Context Engineering Explained
Context is the real bottleneck in an LLM product. A frontier model without the right context is like an elite intern dropped into a task with no brief, no target, no tools, and no history. It may still be capable, but it will not perform consistently. The problem is that context is always scarce. As the context window fills up, quality often drops while cost and latency become harder to control.
What Is Context Engineering?
In practice, context usually contains three broad categories:
- Instructions: prompts, memory, few-shot examples, and tool descriptions
- Knowledge: facts, retrieved documents, and stored memory
- Tool feedback: observations returned by tools and external systems

Google DeepMind engineer Philipp Schmid breaks context down even further:
- Instructions / system prompt: the initial rules, examples, and constraints that shape model behavior
- User prompt: the immediate task or question from the user
- State / history (short-term memory): the current conversation and the steps that led here
- Long-term memory: persistent knowledge such as user preferences, past projects, or reusable facts
- Retrieved knowledge (RAG): external and up-to-date information from documents, databases, or APIs
- Available tools: the functions or built-in tools the model can call
- Structured output: response format requirements such as JSON schemas
His definition is still the clearest one I have seen:
Context engineering is the discipline of designing and building dynamic systems that provide the right information and tools, in the right format, at the right time, so an LLM can complete a task.
A useful analogy is this: the LLM is the CPU, and the context window is RAM. RAM is limited, so the operating system decides what should be loaded at any given moment.
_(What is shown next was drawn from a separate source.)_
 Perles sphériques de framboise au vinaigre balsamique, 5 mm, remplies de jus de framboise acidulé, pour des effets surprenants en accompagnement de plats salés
Context engineering plays the same role for LLM systems.
Why Agents Need Context Engineering
Consider a typical agent workflow. The user gives a task. The agent chooses an action from a predefined action space, calls a tool, receives an observation, appends that observation to context, and then repeats the cycle until the task is done.
That means context grows at every step, while the output at each step is usually quite short, often just a structured tool call. Compared with a normal chatbot, the ratio between prefill and decoding becomes badly imbalanced.
The loop usually looks like this:
- Choose an action: the model inspects the current context and selects what to do next.
- Execute and observe: the action runs in the environment and returns an observation.
- Update context: the action and observation are appended to history.
- Repeat: the expanded context becomes the input for the next step.
The core challenge is obvious: the harder the task, the more tokens the agent consumes. Eventually you hit one or more of the following problems:
- the context window overflows
- cost and latency spike
- the agent's performance degrades

Context engineering is the set of practical strategies we use to control that growth. The four most useful buckets are write, select, compress, and isolate.

Write
Writing context means saving information outside the context window so the agent can still use it later.
Scratchpads and Memory
Humans take notes because memory is unreliable. Agents need the same habit. A scratchpad can be a file, a database record, or any persistent program object where the agent stores intermediate facts, plans, and checkpoints.
Scratchpads are usually temporary. They help inside a single session and are often discarded once the task ends.
Anthropic has shown this pattern in multi-agent research systems. A lead researcher agent writes plans into memory so that even if the context window overflows, the core strategy is preserved. We see the same idea in Manus: during planning, it creates a todo.md, updates it after each step, and feeds that artifact back into the workflow.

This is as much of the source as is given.